Down the road, Bob Perris, the headteacher of Hedworthfield primary school, said he was witnessing a sense of hopelessness among a small minority of young children he "would not have seen 10 years ago." He is increasingly worried by children's expectations of what they can achieve for themselves. Ten and 11-year-olds, he said, were beginning to believe "with some justification" that they were not going to get a job and that "real ambitions are just dreams". He said: "It is better to be famous for being a clown or a toughie than working hard and being a failure. Everyone wants a place in life, but many male adults in the area can only be important by being anti-authoritarian. These role models are set up because adults are so disaffected."

Hedworthfield operates a system of rewards for hard work and good behaviour and children are taken on as many trips as possible "to provide a sense of responsibility and opportunity", but the school, he said, has no control over people's job prospects or parenting skills, which are an issue in a small minority of cases.

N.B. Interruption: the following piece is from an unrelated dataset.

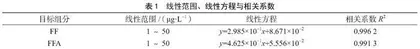 液相色谱-串联质谱法测定乳品中氟苯尼考和氟苯尼考胺残留量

Thirsk School in North Yorkshire, which has received Pounds 15,000 from North Yorkshire Training and Enterprise Council over the past two years for research into boys' under-achievement, has consulted pupils extensively about attitudes to work and is now following through recommendations.

Boys, staff have found, prefer active lessons with opportunities for involvement such as role play. "When boys are bored they switch off," said Mike Brown, the deputy head. "When girls are bored they still tend to conform. " The school is looking at the way teachers mark work and investing in "good quality non-fiction" in the library to encourage boys to read independently.

This week Year 11 parents met with teachers to discuss male underachievement. Mike Brown said: "We want to warn them against the danger of boys' believing that everything will be all right on the [exam] day."

Last year the most common GCSE grade among girls at Thirsk was C; among boys the most common grade was D.